The defendant has charge of the Morgan line dock in the city of New York, and of the men employed upon it. The plaintiff was a laborer on the 10th December, 1884, tiering cotton. The lifting was done by steam, and the engine which supplied the power was on the ship.

The cotton was tiered behind some wool. A rope was attached to the cotton, and it was hoisted “ part way up.”

The cotton bale, after it passed the top of the wool, was stopped. It came up against the side of the cotton tier, and when it was lifted to within a foot and a half of the top of the cotton tier, signal was given to stop; then the men shoved the cotton bale “around the north-west corner, so to speak, of the tier.” The bale, after it was shoved around the corner, “swung clear," and then the men with hooks fastened to it, and an order was given to come back. The bale was then put in place. Upon the occasion of the accident in question the defendant, while the plaintiff was pushing the bale around the corner, and before it was done gave orders to the signalman to go ahead. The bale arose and swung around, and although the plaintiff attempted to escape, the bale struck him and knocked him from the tier some thirteen or twenty feet in height. The plaintiff was injured.

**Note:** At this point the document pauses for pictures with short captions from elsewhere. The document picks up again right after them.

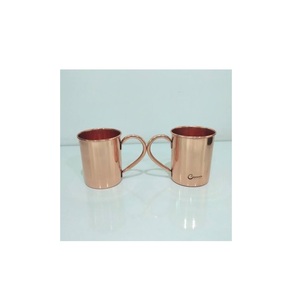 Taza de agua de cobre hecha a mano 100% fabricante hecho a mano taza de mula de cobre de Moscú 450 ML diseño moderno superventas 100% taza pura - Product Image 1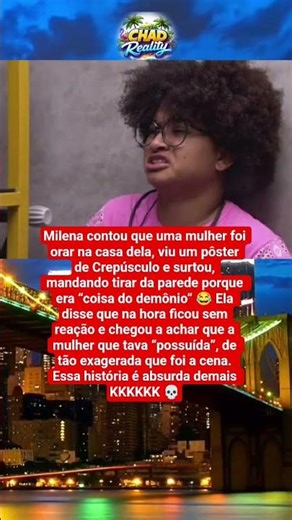 Milena relembra visita inusitada e reação absurda por causa de pôster de Crepúsculo 😂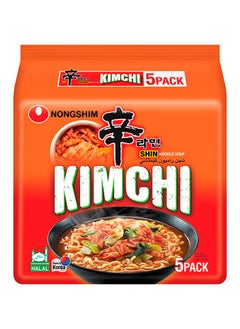 Buy Shin Ramyun Kimchi Noodles 120grams Pack of 5 in UAE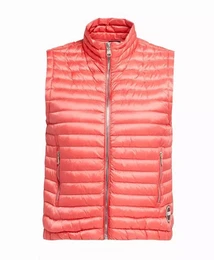 Daunenweste Weste. Originals 2143 Damen Westen Jacke, PUNKY/ Rosa Mit Stehkragen, Mit Elastischen Saumabschluss
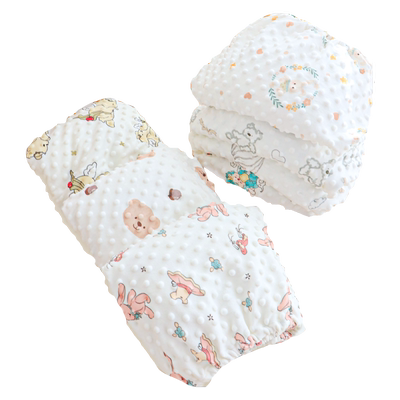 玄乐语婴儿床豆豆绒床笠秋冬季用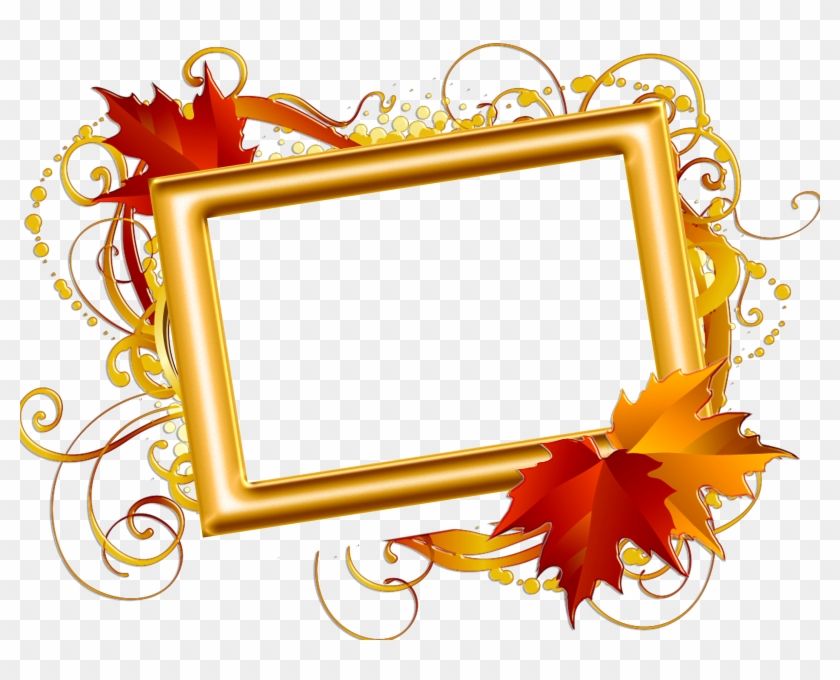 Borders And Frames, Graphics, Autumn, Clip Art, Gifs, - Tubes Cadre Automne #174933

The evidence is very conflicting. The defendant denied giving the order to go ahead, and some of the plaintiff’s fellow workmen state that the accident was caused by the bale swinging after the plaintiff had hooked into it, and while it was free, thus indicating that the bale was around the corner. There is no such preponderance in favor of the defendant's theory of the case as, under the rules governing appeals, will justify a reversal for that reason.

Assuming that the defendant gave the order under circumstances which ought to have informed him that the result of the order would likely cause an injury to those on top of the tier, then his negligence would have been sufficient to sustain the action.

Judgment affirmed, with costs.

Dtkman and Pbatt, JJ., concur.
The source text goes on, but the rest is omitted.